The first weekend of college football certainly had its share of, um, memorable looks (well, unless you've already blotted them out by doing a clean install of your brain). Here are some of the highlights -- or lowlights, depending on your point of view:
• Oklahoma State goes ashen: For reasons that aren't entirely clear, gray is a "hot" color in design circles at the moment. This is fine if you're wearing, say, a gray cashmere sweater or a gray flannel suit. Not so great if you're wearing a gray football jersey. Of course, "gray" is too simple a color name, so let's call it "cigarette ash," or maybe just "dirt." By any name, it's a pretty weird choice for the season-opening game, right? It's like saying to your fans, "Hi -- blahh." The good news: The Cowboys have several other jerseys to choose from. The bad news: They also have gray pants and a gray helmet waiting in the wings.

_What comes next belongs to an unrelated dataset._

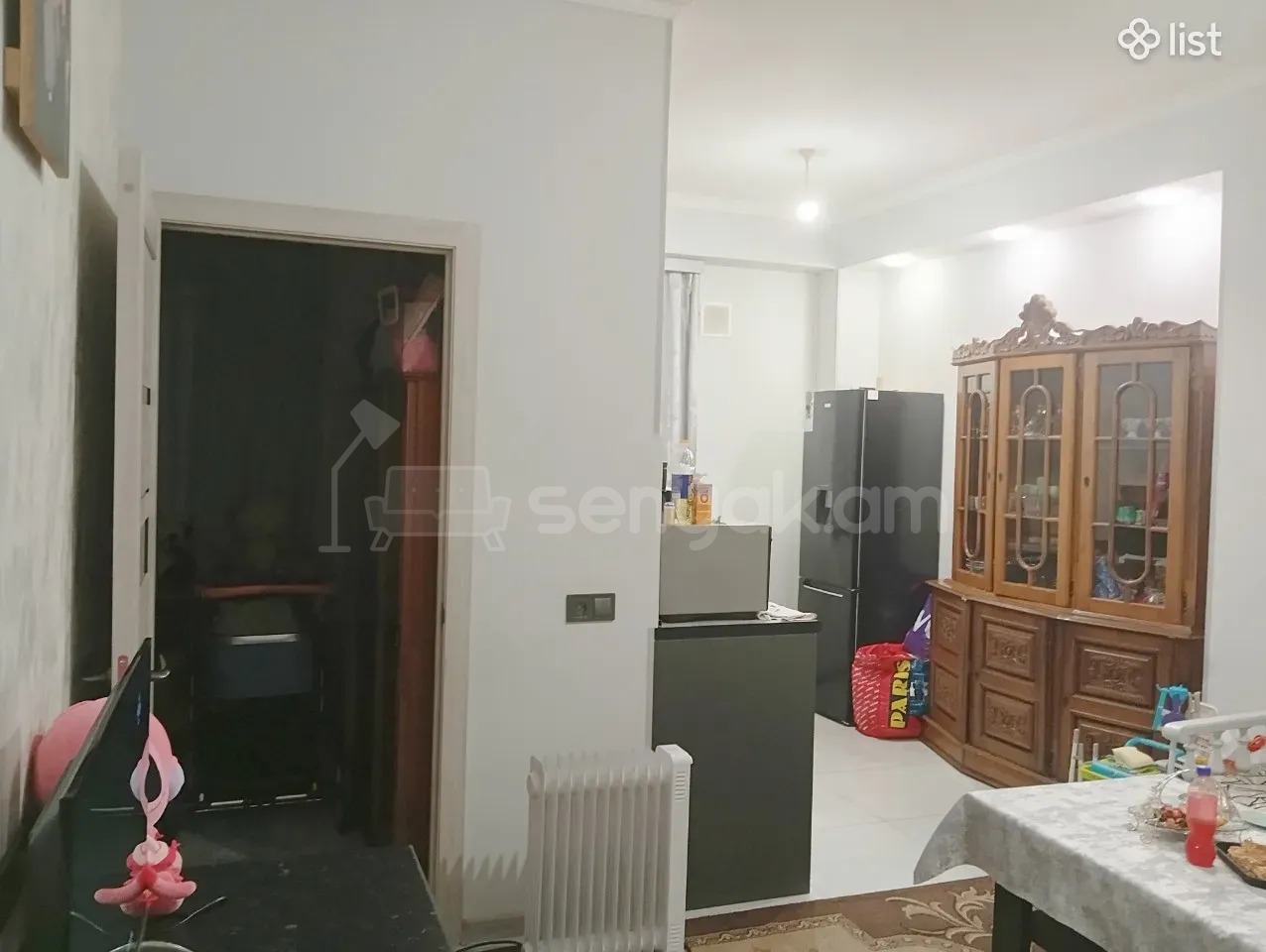 2 Սենյականոց Բնակարան Քարե Շենքում, 50քմ, 1/9 հարկ, Նորմալ Վիճակում, Կահավորված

• UGA goes Ocean Spray: In theory, a two-tone facemask sounds like a cool idea; in practice, it makes you look like someone gave you a bloody lip. OK, so it probably wasn't even a good idea in theory, but it was probably better than the rest of Georgia's
uniform costume on Saturday. The good news: This was a one-off design that won't be worn again this season. The bad news: Since UGA lost, someone at Nike is probably saying, "The uniforms weren't crazy enough. We'll come up with something even crazier for them next year!"
• Maryland goes bonkers: In case you were under a very large rock last night, the Terps were in court jester mode. For some reason I kept thinking the players looked like living chess pieces. Like, was the play call in the huddle, "Knight to king's bishop four" or something? The good news: No team can possibly go further around the bend than this. The bad news: Sure they can.